Так были в моем присутствии произнесены двумя министрами слова, касающиеся моей персоны, о которых можно в буквальном смысле сказать, что слово не воробей, - как бы ни хотелось кое-кому его поймать и вернуть обратно.
Калмыков все же добился перевода КБ-1 в его госкомитет. Но системе «А» крупно повезло в том, что к моменту этой передачи все объекты системы уже построены, аппаратура для них изготовлена, смонтирована и автономно отлажена. Оставалась чисто интеллектуальная, не требующая поставок аппаратуры работа по «информационному собиранию» системы: подключение объектов к центральной ЭВМ через радиорелейные связи, обучение ЭВМ и объектов «общаться» друг с другом, выполняя общую боевую программу, и отладка самой этой программы.
Это была и сложная и очень увлекательная, благодаря своей принципиальной новизне, работа: ЭВМ впервые использовалась не для рутинных счетных работ, а в виде специализированного управляющего комплекса, приспособленного для информационного взаимодействия с внешними абонентами, для реализации уникальнейших боевых программ, увязанных в истинном масштабе времени с процессом полета баллистической цели. Казалось бы, для министра поезд, как говорится, ушел, поди догони его и останови этих фанатиков.

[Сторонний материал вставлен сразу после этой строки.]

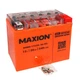 Мото акумулятор MAXION GEL 24MXBM-YTX20L-BS 12V 20Ah 240A R+ MXBM-YTX20L-BS GEL - зображення 3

И все же… Министр показал, что он и в этих условиях многое может. Прежде всего он убрал с предприятия главного инженера Лукина Ф. В., решительно поддерживавшего работы в области ПРО, возглавлявшиеся мною как генеральным конструктором. Затем через удобного и. о. главного инженера В. П. Шишова попытался перевести 300 сотрудников из моего СКБ в другое СКБ для организации подразделения по тематике В. Н. Челомея, вознамерившегося создать истребитель спутников. Эта попытка была предпринята в мое отсутствие, когда я находился на полигоне, и мне пришлось срочно прибыть в Москву, чтобы отразить ее, обратившись за помощью к Д. Ф. Устинову - председателю военно-промышленной комиссии.